There is also an option to exclude quotes and the bibliography, so that the report doesn’t give an inaccurate percentage (not that it is hard to look for quotations without that feature).
If a student or professor turns the paper in twice, it will show that the student “plagiarized” his or her own paper. If it is a paper for a different class, this is still academic dishonesty. Students are never allowed to turn in the same paper for two classes without permission of both professors or it is actually considered a form of plagiarism.
I think it is an overstatement to say this is a witch hunt in most cases. I use Turnitin when someone suddenly doesn’t sound like him or herself. I find no pleasure in finding that students have plagiarized. I teach them how to avoid it and tell them the consequences the first week of school. However, if a student is not doing his or her own work, it defeats the purpose of the class. Also, I would rather that student get caught now rather than pull something like this in his or her career with more dire consequences. It also shows a lack of integrity that a student may blow off unless called on it. I am not talking about mistakes on the student’s part, however. I am talking about intentional cheating.
It does seem that a few on this page are assuming some things about professors or the program without any backing. You may want to cite your proof in these cases. ;) While many of the concerns here are valid, it can confuse people when some are just mad they got caught, so they make up accusations that have no basis to validate their anger.
Originality check: 90% similar
I think most teachers can tell on their own whether or not work was plagiarized.

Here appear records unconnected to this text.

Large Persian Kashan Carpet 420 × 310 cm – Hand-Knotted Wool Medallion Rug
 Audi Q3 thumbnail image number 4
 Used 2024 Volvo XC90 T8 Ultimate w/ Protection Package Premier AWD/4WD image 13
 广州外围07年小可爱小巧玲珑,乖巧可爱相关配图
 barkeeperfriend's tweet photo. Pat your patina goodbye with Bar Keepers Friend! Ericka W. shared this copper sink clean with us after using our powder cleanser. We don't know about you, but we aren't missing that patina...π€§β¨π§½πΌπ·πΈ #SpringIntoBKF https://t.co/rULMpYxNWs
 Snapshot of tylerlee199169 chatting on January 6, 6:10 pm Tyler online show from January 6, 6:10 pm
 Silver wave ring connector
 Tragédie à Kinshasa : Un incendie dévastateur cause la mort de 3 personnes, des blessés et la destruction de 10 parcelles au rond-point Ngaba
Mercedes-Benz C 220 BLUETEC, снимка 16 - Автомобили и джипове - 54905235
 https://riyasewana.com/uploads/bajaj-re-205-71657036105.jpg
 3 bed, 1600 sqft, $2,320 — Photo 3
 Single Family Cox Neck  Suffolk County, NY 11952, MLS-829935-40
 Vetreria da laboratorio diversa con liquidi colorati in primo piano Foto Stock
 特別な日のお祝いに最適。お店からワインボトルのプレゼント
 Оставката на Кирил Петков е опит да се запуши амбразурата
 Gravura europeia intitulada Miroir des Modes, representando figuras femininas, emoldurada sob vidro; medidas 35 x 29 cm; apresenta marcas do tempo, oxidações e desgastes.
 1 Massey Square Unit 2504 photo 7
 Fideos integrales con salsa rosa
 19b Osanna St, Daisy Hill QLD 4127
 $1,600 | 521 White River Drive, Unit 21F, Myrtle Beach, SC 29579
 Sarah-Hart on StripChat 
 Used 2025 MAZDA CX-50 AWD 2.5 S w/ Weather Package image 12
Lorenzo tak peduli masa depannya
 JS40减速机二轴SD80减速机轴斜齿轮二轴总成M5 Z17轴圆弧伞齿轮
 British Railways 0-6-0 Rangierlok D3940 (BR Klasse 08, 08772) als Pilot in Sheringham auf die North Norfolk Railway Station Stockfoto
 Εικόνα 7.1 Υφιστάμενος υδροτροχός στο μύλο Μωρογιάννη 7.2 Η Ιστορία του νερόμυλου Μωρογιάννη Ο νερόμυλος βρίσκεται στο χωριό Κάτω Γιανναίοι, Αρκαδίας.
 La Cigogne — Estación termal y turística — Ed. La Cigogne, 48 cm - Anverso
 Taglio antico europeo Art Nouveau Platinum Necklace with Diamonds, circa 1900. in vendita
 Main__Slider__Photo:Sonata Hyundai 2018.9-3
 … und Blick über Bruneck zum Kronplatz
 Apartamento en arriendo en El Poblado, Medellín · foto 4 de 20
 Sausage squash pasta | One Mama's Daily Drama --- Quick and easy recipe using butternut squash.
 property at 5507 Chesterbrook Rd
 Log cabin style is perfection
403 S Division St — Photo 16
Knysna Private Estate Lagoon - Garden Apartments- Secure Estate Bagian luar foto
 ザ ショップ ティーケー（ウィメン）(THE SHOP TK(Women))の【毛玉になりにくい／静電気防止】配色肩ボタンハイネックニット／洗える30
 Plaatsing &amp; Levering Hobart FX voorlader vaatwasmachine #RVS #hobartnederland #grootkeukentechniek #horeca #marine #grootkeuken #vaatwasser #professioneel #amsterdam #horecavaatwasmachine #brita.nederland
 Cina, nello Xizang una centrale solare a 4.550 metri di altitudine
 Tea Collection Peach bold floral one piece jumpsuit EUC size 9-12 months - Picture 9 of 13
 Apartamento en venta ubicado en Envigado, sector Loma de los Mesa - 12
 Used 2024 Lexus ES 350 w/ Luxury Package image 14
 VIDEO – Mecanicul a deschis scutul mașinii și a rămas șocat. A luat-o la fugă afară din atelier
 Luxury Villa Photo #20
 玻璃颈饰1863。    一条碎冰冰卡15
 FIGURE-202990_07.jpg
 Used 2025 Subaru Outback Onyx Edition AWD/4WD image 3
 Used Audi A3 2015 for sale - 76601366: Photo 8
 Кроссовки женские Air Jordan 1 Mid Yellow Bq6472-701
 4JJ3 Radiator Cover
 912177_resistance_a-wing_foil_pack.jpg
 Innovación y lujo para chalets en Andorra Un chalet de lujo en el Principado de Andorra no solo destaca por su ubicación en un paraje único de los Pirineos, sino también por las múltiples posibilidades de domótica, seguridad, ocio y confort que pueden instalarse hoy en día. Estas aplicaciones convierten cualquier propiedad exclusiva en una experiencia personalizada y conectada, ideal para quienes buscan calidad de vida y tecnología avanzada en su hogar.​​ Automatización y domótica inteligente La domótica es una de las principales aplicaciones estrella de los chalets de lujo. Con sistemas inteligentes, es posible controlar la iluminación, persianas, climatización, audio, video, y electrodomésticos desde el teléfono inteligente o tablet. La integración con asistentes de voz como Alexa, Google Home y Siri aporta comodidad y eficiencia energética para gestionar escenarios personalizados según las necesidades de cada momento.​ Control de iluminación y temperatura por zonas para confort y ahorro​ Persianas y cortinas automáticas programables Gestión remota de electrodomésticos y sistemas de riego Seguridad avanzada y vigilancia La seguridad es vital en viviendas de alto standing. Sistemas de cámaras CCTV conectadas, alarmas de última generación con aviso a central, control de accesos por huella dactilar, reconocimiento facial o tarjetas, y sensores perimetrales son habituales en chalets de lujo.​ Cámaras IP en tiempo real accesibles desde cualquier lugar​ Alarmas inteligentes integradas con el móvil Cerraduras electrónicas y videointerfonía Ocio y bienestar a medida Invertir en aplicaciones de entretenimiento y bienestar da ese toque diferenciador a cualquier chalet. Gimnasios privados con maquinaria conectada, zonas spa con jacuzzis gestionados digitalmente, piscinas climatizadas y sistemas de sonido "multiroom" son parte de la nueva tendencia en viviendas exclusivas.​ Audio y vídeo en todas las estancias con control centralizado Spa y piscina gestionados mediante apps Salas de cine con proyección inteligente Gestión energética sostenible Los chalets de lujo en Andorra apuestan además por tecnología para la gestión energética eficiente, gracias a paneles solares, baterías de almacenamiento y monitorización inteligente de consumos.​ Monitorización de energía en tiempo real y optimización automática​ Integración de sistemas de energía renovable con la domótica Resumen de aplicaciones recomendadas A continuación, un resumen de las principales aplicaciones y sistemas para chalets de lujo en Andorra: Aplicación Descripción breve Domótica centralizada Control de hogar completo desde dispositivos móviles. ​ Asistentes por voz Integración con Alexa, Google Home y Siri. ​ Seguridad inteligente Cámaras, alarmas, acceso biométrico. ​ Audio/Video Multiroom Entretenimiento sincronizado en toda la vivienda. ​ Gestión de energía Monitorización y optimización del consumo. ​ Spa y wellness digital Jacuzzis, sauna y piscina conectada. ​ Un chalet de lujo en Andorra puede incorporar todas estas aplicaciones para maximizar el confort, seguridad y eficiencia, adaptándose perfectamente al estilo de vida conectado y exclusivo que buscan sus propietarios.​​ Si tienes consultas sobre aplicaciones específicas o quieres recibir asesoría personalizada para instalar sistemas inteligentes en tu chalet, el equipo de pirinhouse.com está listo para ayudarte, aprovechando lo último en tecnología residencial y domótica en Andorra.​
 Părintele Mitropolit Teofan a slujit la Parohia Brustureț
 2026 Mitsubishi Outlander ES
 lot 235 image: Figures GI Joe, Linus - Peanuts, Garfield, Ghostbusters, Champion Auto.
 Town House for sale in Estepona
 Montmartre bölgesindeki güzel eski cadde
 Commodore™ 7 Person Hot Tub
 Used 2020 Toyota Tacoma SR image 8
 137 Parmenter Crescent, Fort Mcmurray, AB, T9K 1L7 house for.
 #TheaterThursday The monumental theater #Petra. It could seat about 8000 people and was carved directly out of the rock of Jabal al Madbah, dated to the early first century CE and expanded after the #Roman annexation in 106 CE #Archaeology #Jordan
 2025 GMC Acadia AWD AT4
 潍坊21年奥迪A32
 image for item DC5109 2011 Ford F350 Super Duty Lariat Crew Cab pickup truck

If a poor student submits work clearly above their level, investigate. And any competent teacher should be able to tell if students are copying each other. I don’t see the trust issue as being important–don’t lectures on academic honesty also raise trust issues?–but I don’t think good teachers should need turnitin at all, and Lord knows schools need all the money they’ve got. I say cut it.
I guess I’m gonna need to do some more research but this is a good place to start.